Page:Examiner, Journal of Political Economy, v2n14.djvu/1

This page has been proofread, but needs to be validated.

THE EXAMINER,

AND

JOURNAL OF POLITICAL ECONOMY.



DEVOTED TO THE ADVANCEMENT OF THE CAUSE OF STATE RIGHTS AND FREE TRADE.

The Powers not Delegated to the United States, by the Constitution, nor prohibited by it to the States, are reserved to the States respectively, or to the People . . . Amendments to the Constitution, Art. X.

Freedom of Industry, as sacred as freedom of speech or of the press . . . Jefferson.



Vol. II.]
Wednesday, February 4, 1835.
[No. 14.


THE GENUINE BOOK OF NULLIFICATION.

Being a true—not an apochryphal—history, chapter and verse, of the several examples of the recognition and enforcement of that sovereign State remedy, by the different States of this confederacy, from 1798 down to the present day. (As originally published in the Charleston Mercury.) To which are added the opinions of distinguished statesmen, on State rights doctrines. By HAMPDEN.


chapter vii.

GEORGIA NULLIFICATION.

First. In the case of Chisolm vs. Georgia.—In this case, as early as the year 1792 the energetic and truly Republican State of Georgia nullified the proceedings of the Supreme Court as completely and effectually as she has lately done in the case of Tassels in that Court, or as she has done with the Acts and Treaties of Congress in relation to the Cherokees.

The case of Chisolm vs. Georgia, is reported at length in 2 Dallas, 419, from which Report it appears that on the 11th July, 1792, the United States Marshal served copies of his process on the Governor and Attorney General of Georgia at the suit of one—Chisolm—of which process no notice was deigned to be taken. On the 11th of August, 1792, the Attorney General of the United States moved "that unless the State of Georgia shall, after reasonable notice of this motion cause an appearance to be entered in behalf of said State on the fourth day of next term, or shall then show cause to the contrary, judgment shall be entered against the said State, and a writ of inquiry of damages be awarded." But the consideration of this motion was postponed to February term 1793, in order to avoid the appearance of precipitancy and to give the State time for deliberation on the measures which she ought to adopt.

Accordingly in February Term 1793, the case was called up, and the State of Georgia sent in a solemn protest against all jurisdiction of the case by the United States Court, and refused to enter into any argument whatever.

The United States Attorney General then argued the case seriatim, and the court proceeded to decide against the State on the question of Jurisdiction—All the Judges agreeing, except the independent and magnanimous judge Iredell, who boldly declared the States to be the creators and superiors of the General Government and consequently not subject to their courts—nor to any courts—at the same time ably elucidating the distinction between a Sovereign State and a mere corporation, and conclusively showing that the only remedy against the former is by petition to the Legislative or Executive power—whilst that against the latter is by suit at Law.

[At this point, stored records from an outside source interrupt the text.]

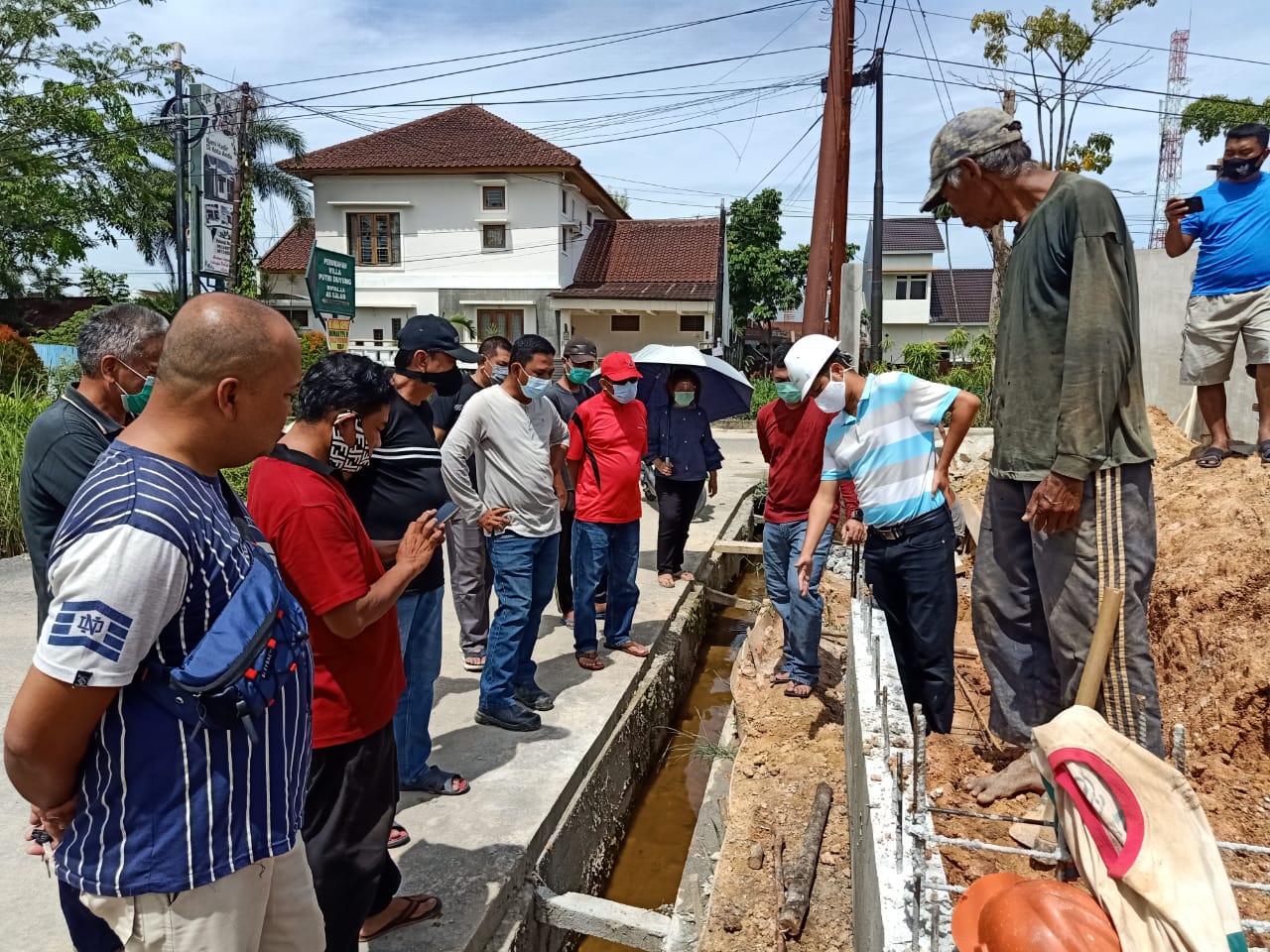 Masyarakat lingkungan Villa Putri Duyung bersama pihak pengembang proyek saat melihat langsung kondisi parit yang akan dilakukan pelebaran untuk mengantisipasi banjir, Sabtu (10/10/2020).(PANJI A SYUHADA/RIAUPOS.CO)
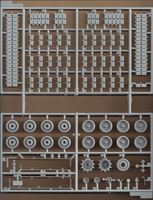 Sprue_C_and_D_-_Wheels_and_Track.jpg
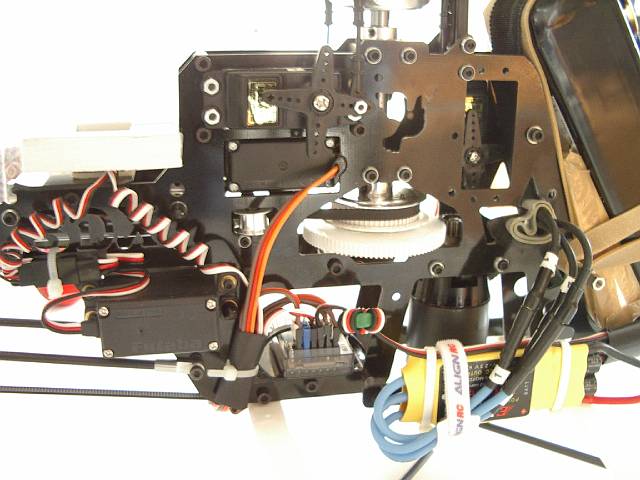 HDX500SAS - moteur MTdragon W35E2 900kV_(UH) - ESC EMAX 60A (asiamedeller) - Servos 3 HX5010 (UH) & Futaba S9254 - Gyro Logitech 2100LT-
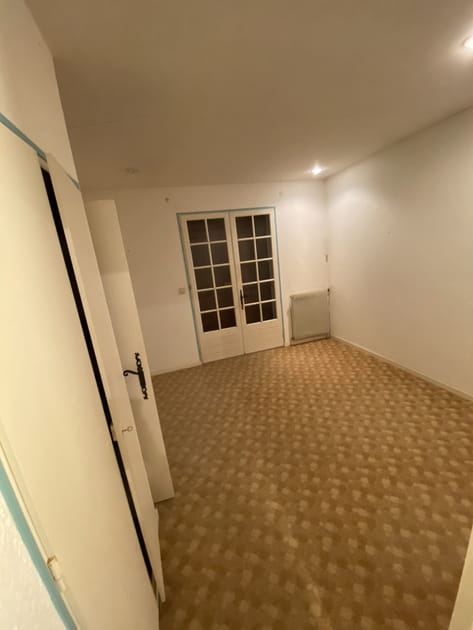 Avant&nbsp;: une chambre vide o&ugrave; tout &eacute;tait &agrave; faire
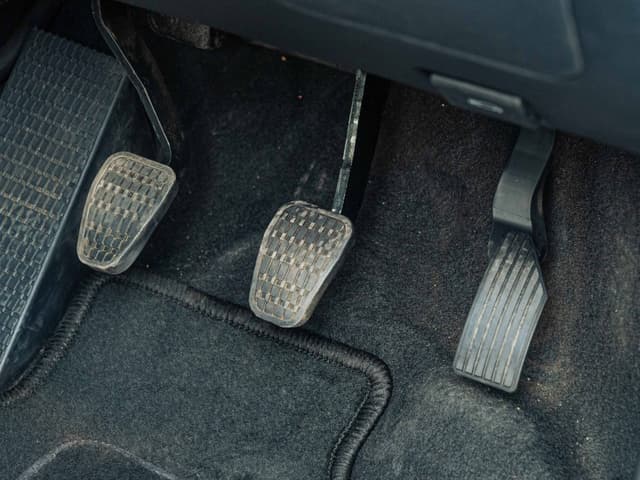 Foot Controls Image - 32252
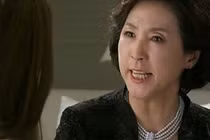 Đi làm về thấy ảnh cưới của hai vợ chồng vứt trong thùng rác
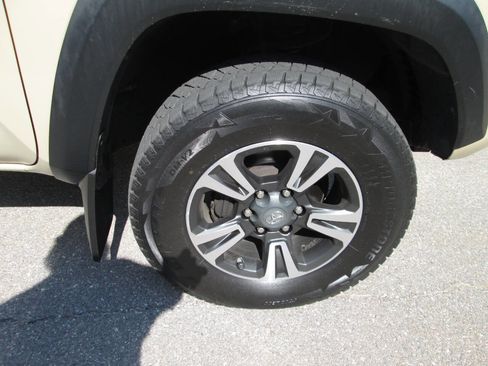 Used 2016 Toyota Tacoma TRD Off-Road w/ Towing Package image 16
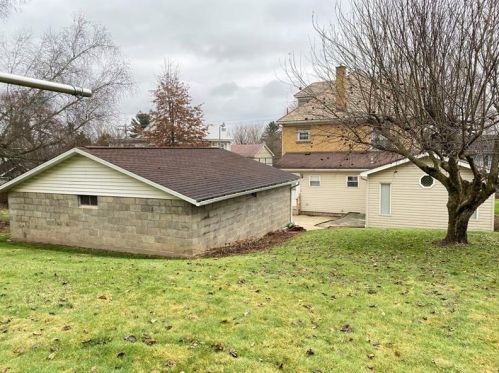 35 Clarksville St, Greenville, PA 16125-2313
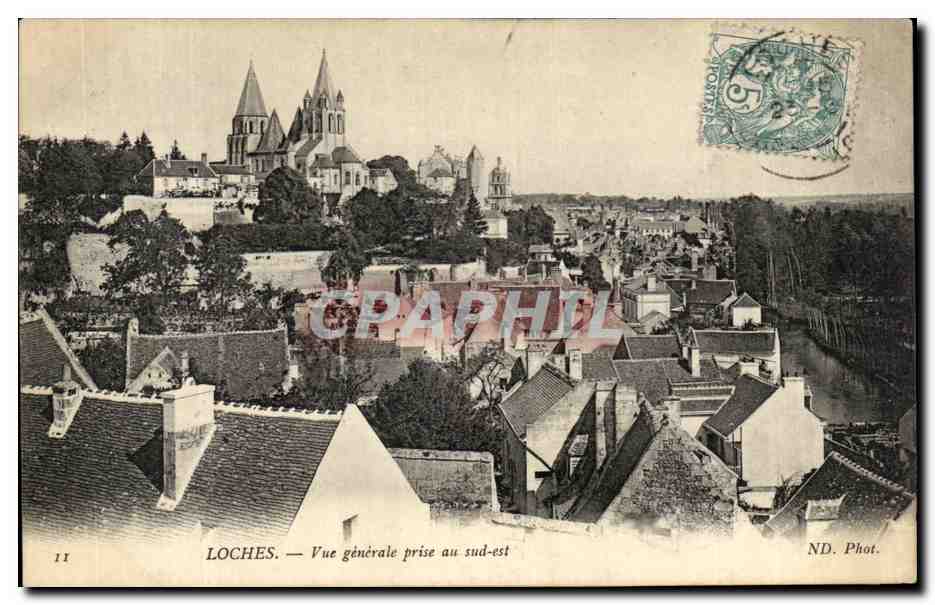 CPA Loches Vue generale prise au sud est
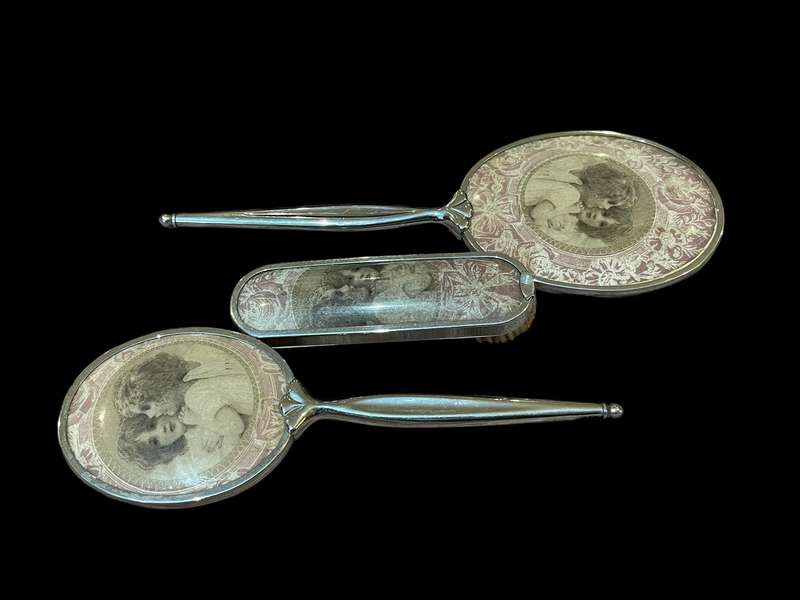 Brush mirror dresser set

In pursuance of the decision, an order was entered for the plaintiff to proceed with his pleadings and to serve copies of them on the Governor and Attorney General of Georgia, and that Judgment should be entered by Default against that State if she did not come in by the first day of the next Term.

To none of these proceedings did Georgia condescend to pay the least regard, and in February Term, 1794, Judgment was rendered against her by default, and a Writ of Enquiry ordered, but this Writ was never attempted to be executed.

This case of Nullification produced a proposition in Congress to amend the Constitution of the United States so as to preclude, by express terms, the U. States Courts from assuming jurisdiction against a sovereign State at the suit of citizens of another State or subjects of Foreign States—which amendment was accordingly made by the States, (who alone have the power of amending)—thereby affirming the views of Georgia and of Judge Iredell, and nullifying the forced constructions and implications of the Supreme Court—by declaring—what?—Not that this court should no longer have the power claimed—not using words of revocation, to take away the jurisdiction asserted—but showing by the very terms employed, that they considered this court as never having possessed the power assumed, except as usurped by their usual plastic construction—for the words of this (the 11th,) amendment of the Constitution, are "the judicial power of the United States shall not be construed to extend to any suit in law or equity commenced or prosecuted against one of the United States, by citizens of another State or by citizens or subjects of any Foreign State."

Thus was this grasping Tribunal peremptorily restrained from further interference with the Sovereign Rights of the States. How well this injunction has been obeyed subsequent events have shown. In proof of the assertion that the 11th Amendment of the Constitution was caused by this Nullification of Georgia, I refer to the history of the times and to the case of Hollingsworth, vs. Virginia, 3 Dallas, 378, where it is state in the opening of the caes that "Chisolm & georgia" had produced the amendment of the Constitution referred to.